Des Iraniens entre peur et révolte

Article publié le 10/08/2009 Dernière mise à jour le 13/08/2009 à 10:20 TU

Les autorités dénoncent toujours l’ingérence étrangère dans les affaires politiques intérieures du pays. Le pouvoir conteste notamment les déclarations des pays occidentaux, mettant en doute la validité du procès instruit contre les opposants intérieurs et extérieurs du régime. En France, le président Nicolas Sarkozy a déclaré que la libération de la jeune française Clotilde Reiss était un « objectif prioritaire ». Témoignage d'une Iranienne qui raconte comment se sont déroulées les manifestations et la répression.

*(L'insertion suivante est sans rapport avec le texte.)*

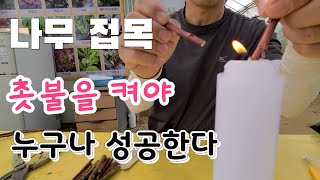 너무 쉬운 나무 접목 촛불를 켜야 100%성공  tree grafting method      나무 접붙이기…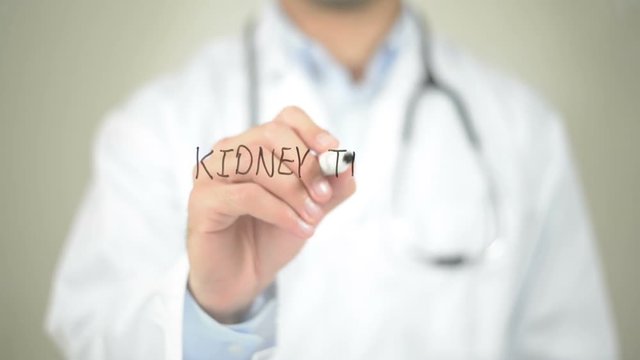 Kidney Transplant , Doctor writing on transparent screen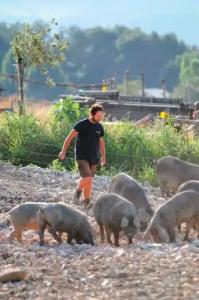 La Tavola Dei Cavalieri - 19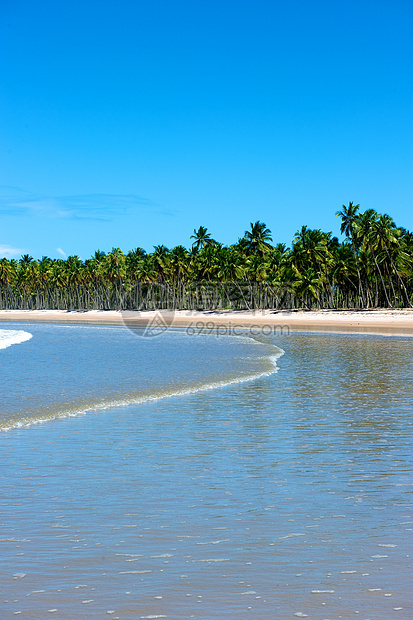 巴西天堂巴西海滩气候蓝色异国海景旅游热带情调太阳海浪风景图片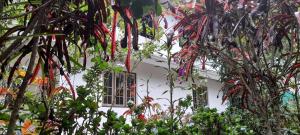 Zahrada ubytování Le Farmhouse Munnar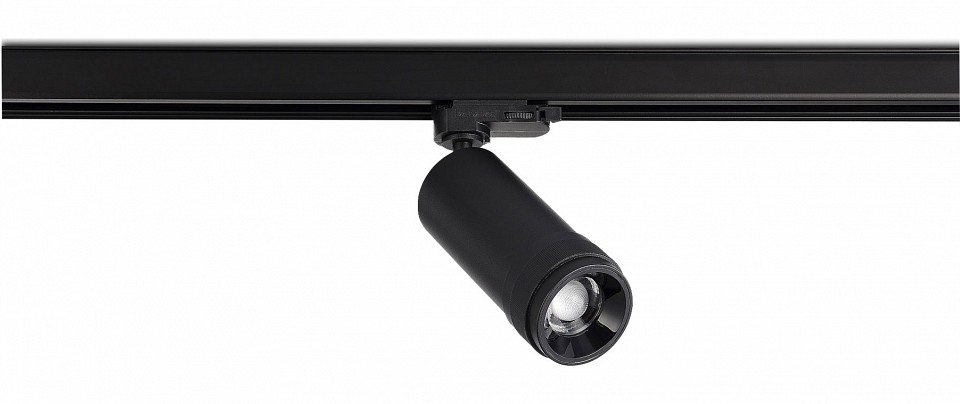 Светильник на штанге ST-Luce ST691.436.20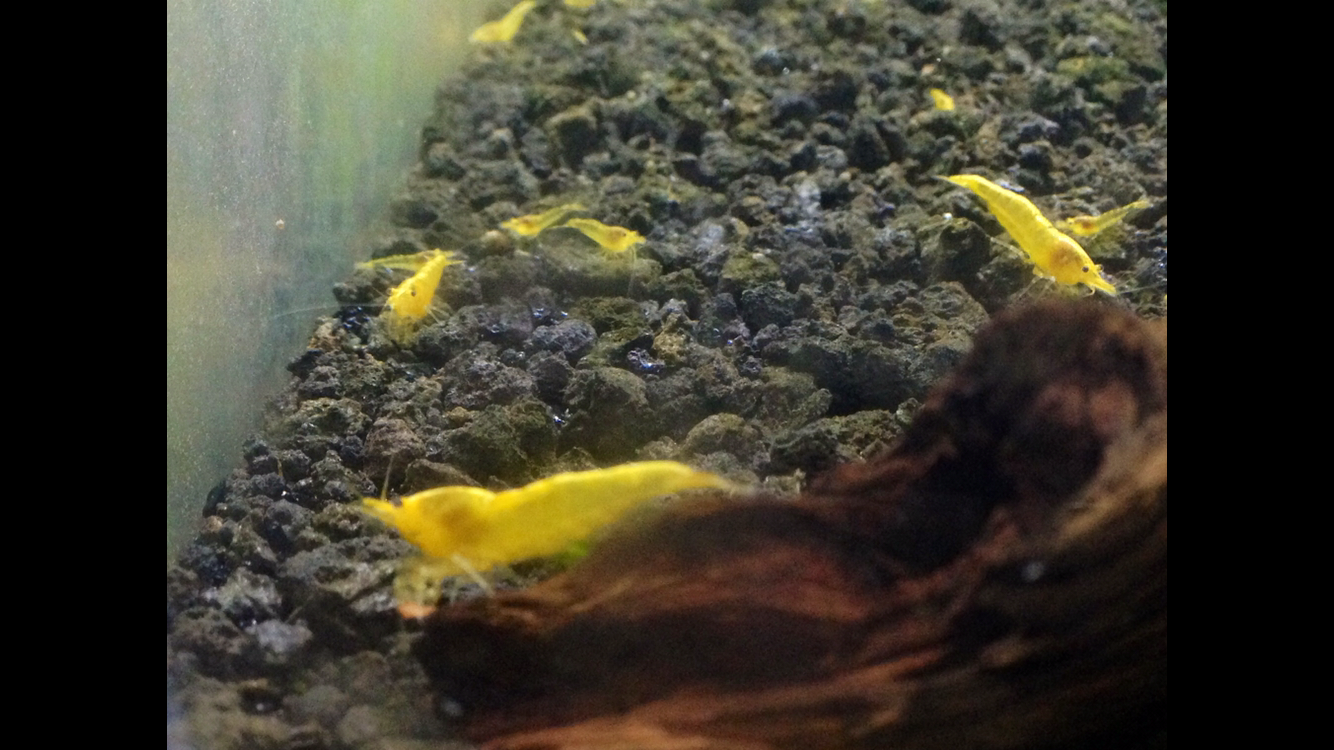 Yellow Freshwater Neocaridina Shrimp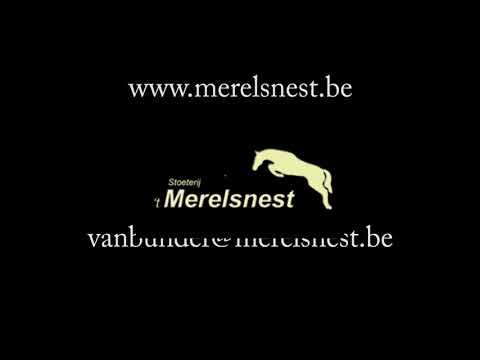 Naila van 't Merelsnest (2021 10 09)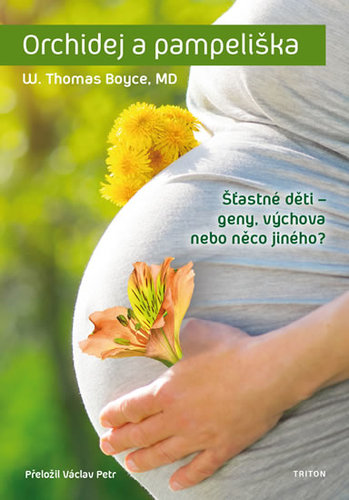 Obrázok Orchidej a pampeliška
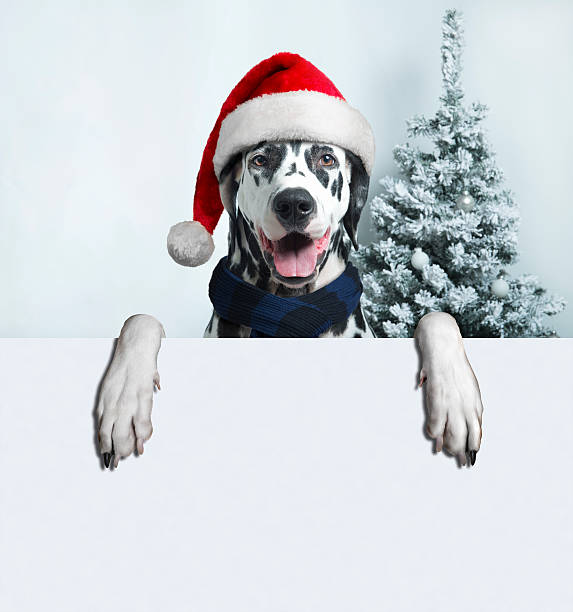 santa dog with  christmas ball on paw and a bell Christmas and New Year. Dalmatian Dog in Santa hats on a background of snow-covered trees. space for your text ads. lieke klaus stock pictures, royalty-free photos & images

Des milliers de personnes ont manifesté le 9 juillet à Téhéran pour marquer le 10e anniversaire des émeutes étudiantes et afficher leur hostilité au pouvoir.(Photo: Reuters/via Your View)

Des milliers de personnes ont manifesté le 9 juillet à Téhéran pour marquer le 10e anniversaire des émeutes étudiantes et afficher leur hostilité au pouvoir.
(Photo: Reuters/via Your View)

Sepideh Farkhondeh a rencontré une étudiante iranienne Mariam, qui a assisté en juin et en juillet aux manifestations contre la réélection controversée de Mahmoud Ahmedinejad. Cette étudiante explique que Téhéran, la capitale, est quadrillée par les forces de l'ordre, mais que cela n'empêche pas la population de défiler dans les rues, pacifiquement, même si la police et les miliciens répriment à tour de bras. Mariam explique d’abord comment elle et des membres de sa famille ont vécu la manifestation du 9 juillet.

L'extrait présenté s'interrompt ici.